> _Assignment_
Everything in the records below from the line containing "this 1289×924 image." through the line containing "this 811×1100 image." is to be reproduced exactly, those two lines included; no picture is to be copied.

> _Data records_
>>

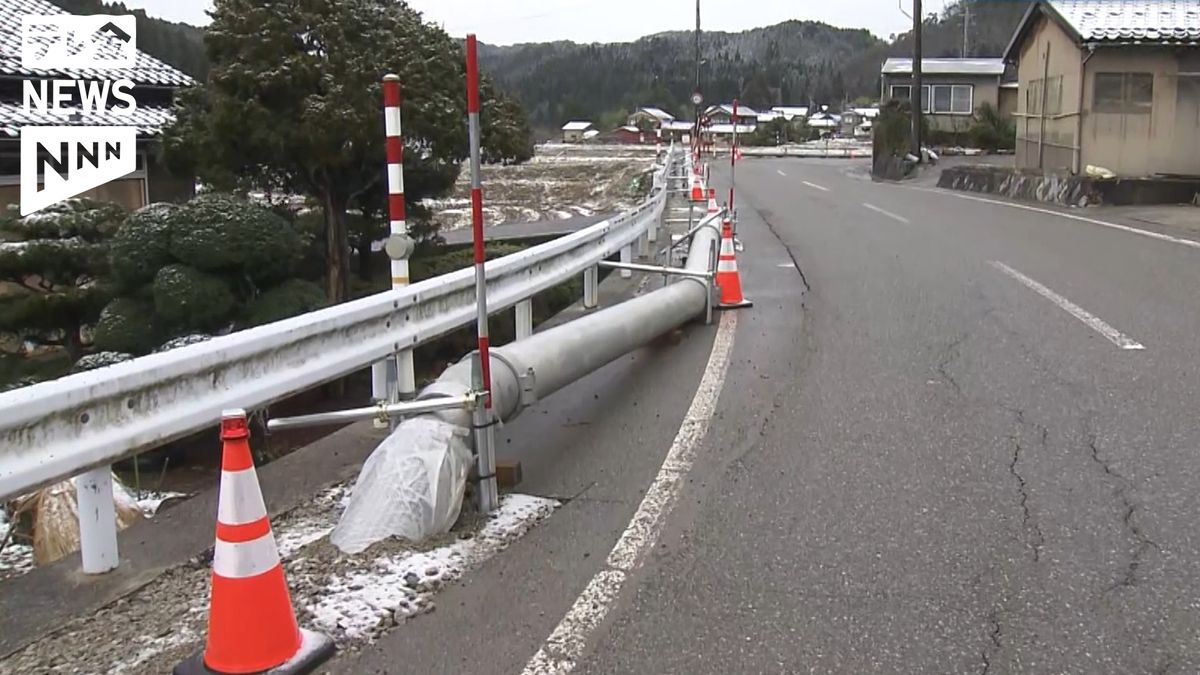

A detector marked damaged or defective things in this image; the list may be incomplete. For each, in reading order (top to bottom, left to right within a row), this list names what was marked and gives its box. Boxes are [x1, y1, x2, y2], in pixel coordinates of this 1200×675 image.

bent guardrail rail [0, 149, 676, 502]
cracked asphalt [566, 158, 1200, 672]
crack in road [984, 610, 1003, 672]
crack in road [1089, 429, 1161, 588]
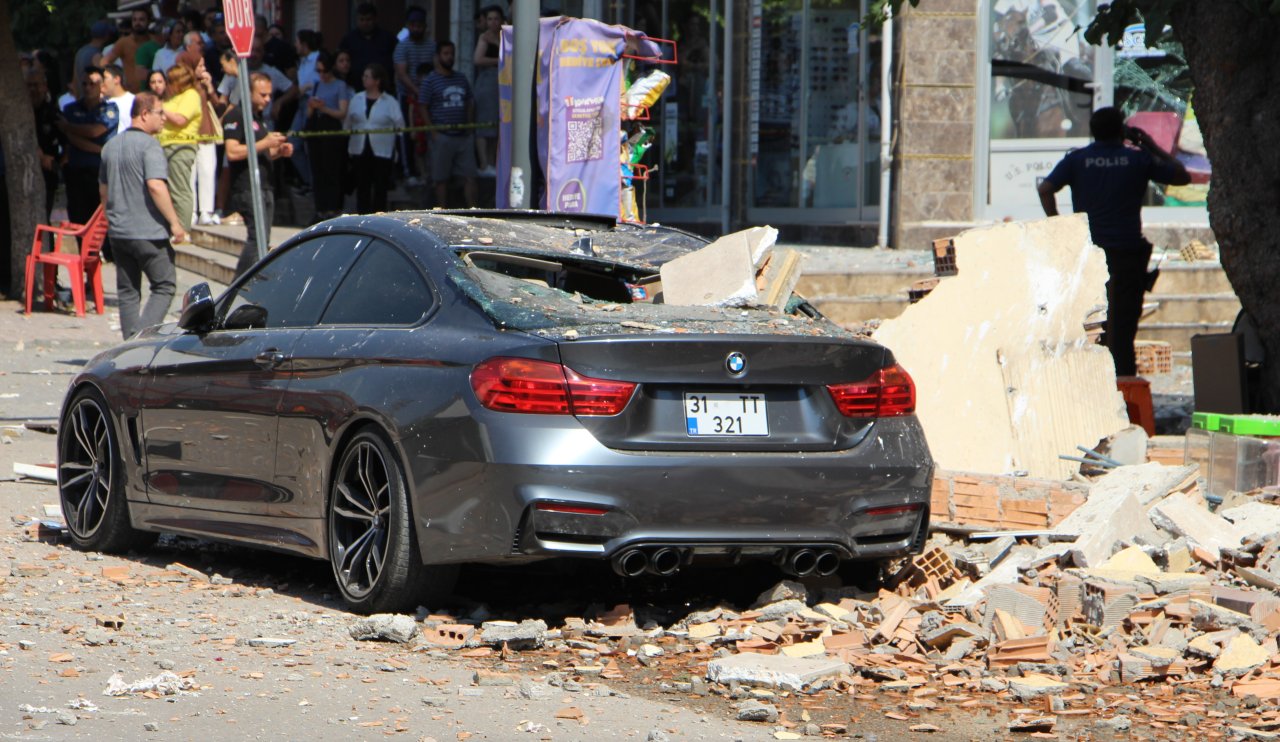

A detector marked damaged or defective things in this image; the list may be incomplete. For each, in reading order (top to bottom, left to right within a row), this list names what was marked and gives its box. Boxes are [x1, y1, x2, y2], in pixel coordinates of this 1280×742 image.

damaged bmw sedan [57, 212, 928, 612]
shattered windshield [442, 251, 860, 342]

<<
>>

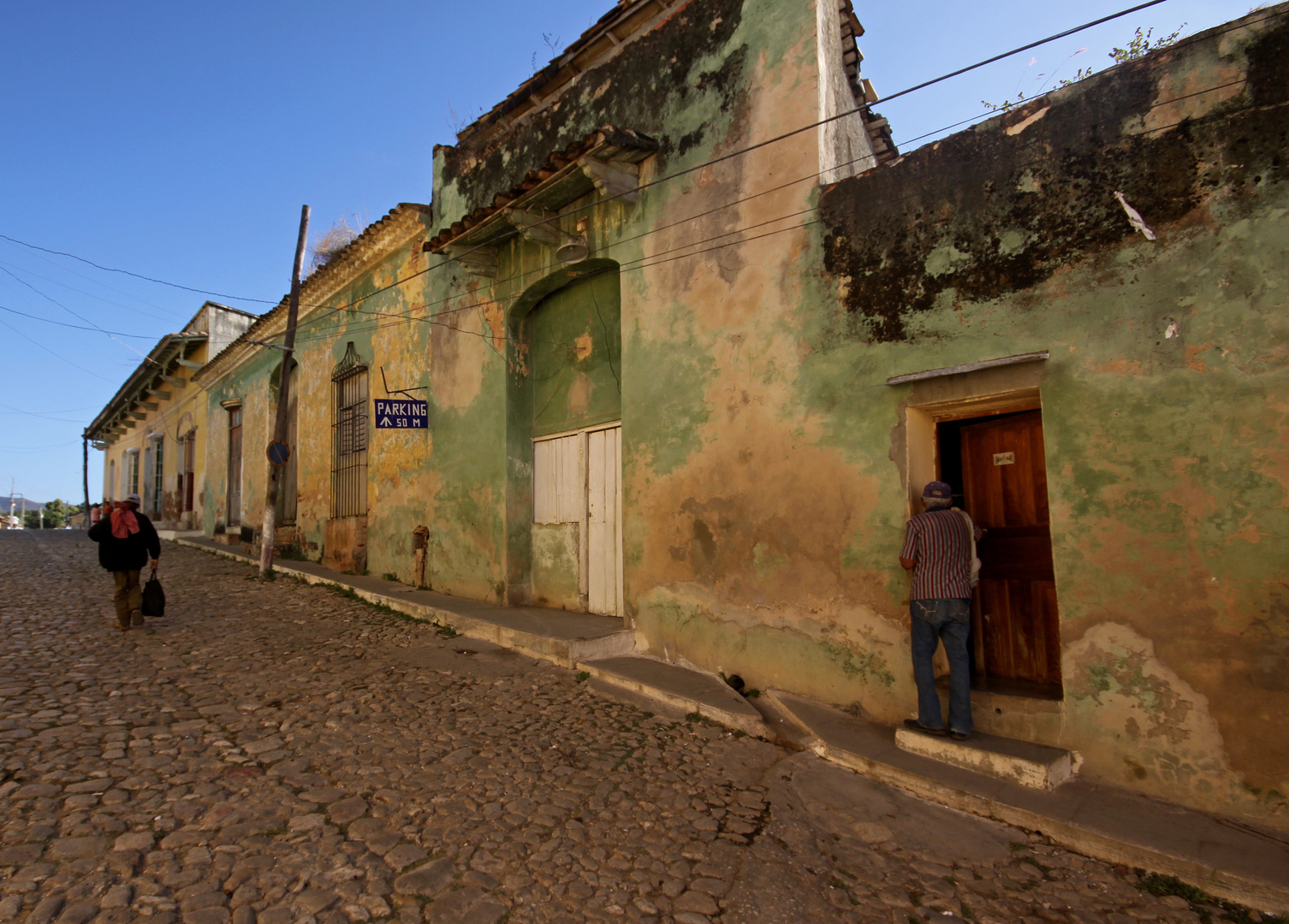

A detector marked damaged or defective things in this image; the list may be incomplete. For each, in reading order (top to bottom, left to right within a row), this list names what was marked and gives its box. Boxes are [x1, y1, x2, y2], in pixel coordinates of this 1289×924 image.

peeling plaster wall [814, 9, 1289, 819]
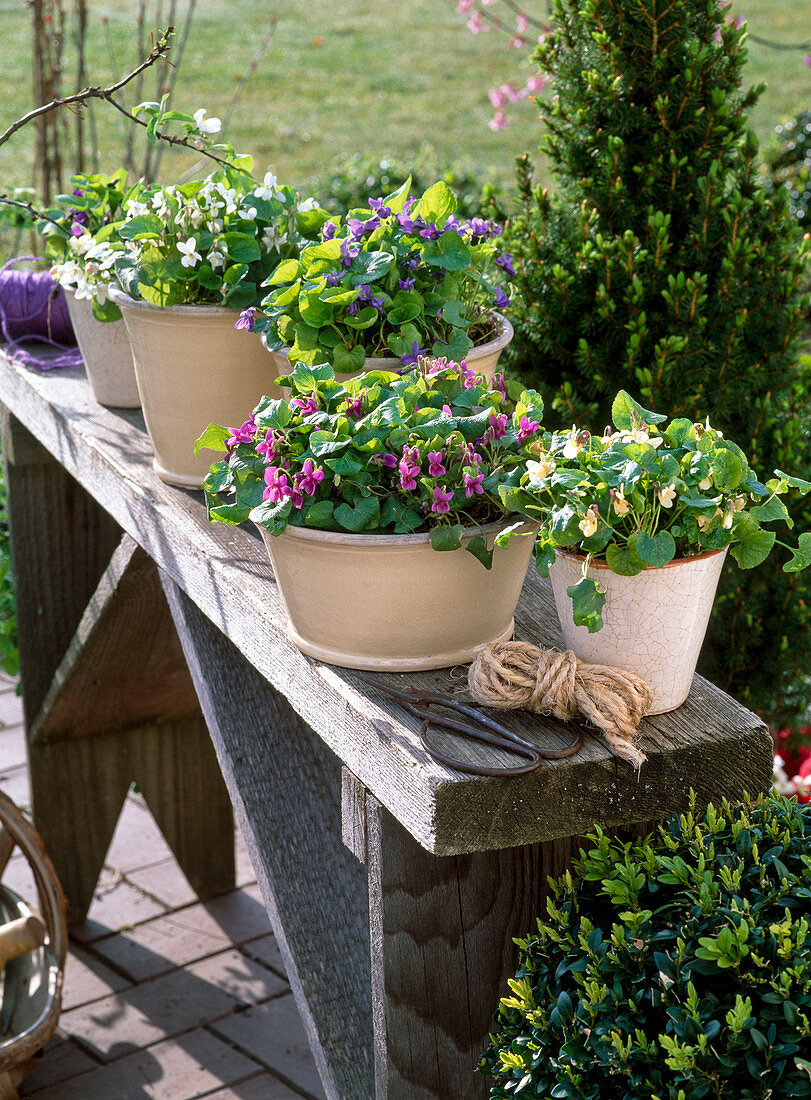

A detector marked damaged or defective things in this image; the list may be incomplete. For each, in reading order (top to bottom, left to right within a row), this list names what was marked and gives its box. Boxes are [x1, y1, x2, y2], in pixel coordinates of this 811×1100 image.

<<

> _Result_
A detector marked damaged or defective things in this image; the list may be incomplete. For each, in reading order (top to bottom, left to right within a row), this list names what was marked and gives its box. Boxes are [x1, y1, x2, y2], in pixel coordinates of this 1289×924 image.

peeling plaster wall [814, 9, 1289, 819]

A detector marked damaged or defective things in this image; the list may be incomplete. For each, in reading order (top to bottom, left to right within a row), this list names what was marked and gives its box. Boxes are [x1, y1, x2, y2], in pixel coordinates of this 811×1100 image.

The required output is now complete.